Lines from the line with "Caneca De Café Nuvens de Pessoas (Direita)" to the line with "ロング ヘアカラー トリートメント レイヤーカット/髪質 改善/鷲尾 駿のヘアスタイル" in the entries below, and only those, must be output exactly, with both ends included.

Stored data
┄┄┄┄┄┄┄┄┄┄┄┄┄┄┄┄┄┄┄┄
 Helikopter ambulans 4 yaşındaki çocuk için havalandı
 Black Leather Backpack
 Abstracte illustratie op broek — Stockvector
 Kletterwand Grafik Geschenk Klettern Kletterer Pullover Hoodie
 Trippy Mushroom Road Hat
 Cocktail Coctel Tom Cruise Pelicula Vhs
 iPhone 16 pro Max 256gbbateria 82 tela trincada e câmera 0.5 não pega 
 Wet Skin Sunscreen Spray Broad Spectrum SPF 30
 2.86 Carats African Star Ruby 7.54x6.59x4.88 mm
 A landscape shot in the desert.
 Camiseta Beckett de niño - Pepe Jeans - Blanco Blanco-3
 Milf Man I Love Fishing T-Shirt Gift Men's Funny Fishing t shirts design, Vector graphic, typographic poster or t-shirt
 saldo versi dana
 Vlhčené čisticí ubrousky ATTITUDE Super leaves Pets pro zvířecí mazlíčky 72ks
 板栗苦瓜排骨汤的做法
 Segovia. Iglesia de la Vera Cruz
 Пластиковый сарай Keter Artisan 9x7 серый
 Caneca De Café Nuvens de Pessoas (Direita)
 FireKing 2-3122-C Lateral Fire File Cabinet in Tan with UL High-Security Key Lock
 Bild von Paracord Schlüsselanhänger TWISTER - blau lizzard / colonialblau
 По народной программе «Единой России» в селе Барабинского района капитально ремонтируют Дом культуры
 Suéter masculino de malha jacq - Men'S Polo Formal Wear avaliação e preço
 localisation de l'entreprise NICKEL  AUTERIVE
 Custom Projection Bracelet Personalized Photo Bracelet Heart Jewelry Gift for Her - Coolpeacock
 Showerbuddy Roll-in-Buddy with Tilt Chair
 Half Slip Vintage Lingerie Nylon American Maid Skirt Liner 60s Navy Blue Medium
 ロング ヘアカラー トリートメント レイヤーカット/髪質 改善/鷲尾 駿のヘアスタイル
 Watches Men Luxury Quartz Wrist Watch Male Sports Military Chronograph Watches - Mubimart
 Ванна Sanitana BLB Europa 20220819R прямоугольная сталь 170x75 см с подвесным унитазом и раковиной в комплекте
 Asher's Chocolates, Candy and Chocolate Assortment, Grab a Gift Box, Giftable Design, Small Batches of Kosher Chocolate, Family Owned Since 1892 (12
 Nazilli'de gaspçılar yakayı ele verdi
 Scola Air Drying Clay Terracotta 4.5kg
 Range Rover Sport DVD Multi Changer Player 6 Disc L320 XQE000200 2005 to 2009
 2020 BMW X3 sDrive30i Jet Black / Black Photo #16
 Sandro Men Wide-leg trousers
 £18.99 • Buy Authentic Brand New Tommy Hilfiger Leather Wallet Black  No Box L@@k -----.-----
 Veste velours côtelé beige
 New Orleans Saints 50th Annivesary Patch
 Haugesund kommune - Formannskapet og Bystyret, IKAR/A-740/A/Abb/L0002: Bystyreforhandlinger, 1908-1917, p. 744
┄┄┄┄┄┄┄┄┄┄┄┄┄┄┄┄┄┄┄┄
## Solution to this task:
 Caneca De Café Nuvens de Pessoas (Direita)
 FireKing 2-3122-C Lateral Fire File Cabinet in Tan with UL High-Security Key Lock
 Bild von Paracord Schlüsselanhänger TWISTER - blau lizzard / colonialblau
 По народной программе «Единой России» в селе Барабинского района капитально ремонтируют Дом культуры
 Suéter masculino de malha jacq - Men'S Polo Formal Wear avaliação e preço
 localisation de l'entreprise NICKEL  AUTERIVE
 Custom Projection Bracelet Personalized Photo Bracelet Heart Jewelry Gift for Her - Coolpeacock
 Showerbuddy Roll-in-Buddy with Tilt Chair
 Half Slip Vintage Lingerie Nylon American Maid Skirt Liner 60s Navy Blue Medium
 ロング ヘアカラー トリートメント レイヤーカット/髪質 改善/鷲尾 駿のヘアスタイル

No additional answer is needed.